5. Portfolio Rationalization Update
B&G has been dumping underperforming products to pay off debt – the sale of Crisco to Smucker’s is the most notable example. Any announcement of additional divestitures, proceeds, and how they are used on the balance sheet would be the most active B&G could benefit from at this time.
Situational Analysis
Bull case: Revenue declines are stabilizing, EBITDA is holding firm, debt service is covering, and management is announcing further asset sales that significantly reduce capacity. The dividend is maintained, relieving the biggest fear of investors. The stock, at $5.18, rises to $6.
Base case: Revenue is falling in line with estimates (-2 to 3%), management is keeping dividends but indicating it is subject to revision, and EBITDA is almost stable. The stock remains pegged between $4.50–$5.50 – not encouraging but not catastrophic.
Bear case: Revenues are rapidly declining, EBITDA is eroding, and management is announcing dividend cuts. Debt service is about anxiety. As already-Sell it consensus, a reasonable negative surprise here could push the stock to or below the $3.50 lower end of the analyst’s price range.
Context: Latest trends
B&G Foods is a cautionary tale of the post-pandemic leveraged-acquisition hangover in consumer staples. The company spent years buying value brands — often paying premium multiples — on the idea that the fundamentals provided pricing power and stable cash flow. That thesis worked out: recession-era shoppers found private label, category managers cut shelf space for middle-of-the-road brands, and B&G’s portfolio of highly unrelated food brands became difficult to manage at scale.
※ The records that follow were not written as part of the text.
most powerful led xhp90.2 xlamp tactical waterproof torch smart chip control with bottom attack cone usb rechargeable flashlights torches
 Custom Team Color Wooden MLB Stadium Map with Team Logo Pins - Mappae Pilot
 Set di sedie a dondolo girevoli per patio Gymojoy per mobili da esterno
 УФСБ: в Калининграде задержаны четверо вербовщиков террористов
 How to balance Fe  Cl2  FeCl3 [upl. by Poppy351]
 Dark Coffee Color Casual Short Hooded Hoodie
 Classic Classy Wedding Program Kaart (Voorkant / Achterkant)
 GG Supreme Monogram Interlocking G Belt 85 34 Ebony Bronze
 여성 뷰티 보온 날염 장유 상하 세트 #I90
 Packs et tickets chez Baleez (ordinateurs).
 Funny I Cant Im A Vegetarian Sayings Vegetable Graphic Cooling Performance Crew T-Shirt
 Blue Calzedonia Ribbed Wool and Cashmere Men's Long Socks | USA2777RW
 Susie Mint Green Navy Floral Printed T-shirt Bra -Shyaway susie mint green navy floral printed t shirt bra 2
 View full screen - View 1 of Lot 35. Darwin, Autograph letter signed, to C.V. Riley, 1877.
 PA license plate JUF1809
Debt burden is a very serious problem. With $2B+ in liabilities and declining EBITDA, the balance sheet is stretched. Merchandising is a key mitigation tool, but selling merchandise in a name-challenged food market isn’t easy — consumers want merchandise cheap, and B&G needs premium pricing to make the math work. The dividend, while attractive on paper, has become a source of investor concern rather than comfort.
Tonight’s gains will not solve the strategic problem. But they will provide the clearest data point of late on whether management’s portfolio balancing strategy is buying time or simply delaying the inevitable restructuring. A Sell it consensus and a target price below the stock’s current price means the Street has already made its decision.
The earnings call starts after the market closes. Follow AlphaStreet for live coverage and analysis of post-earnings results.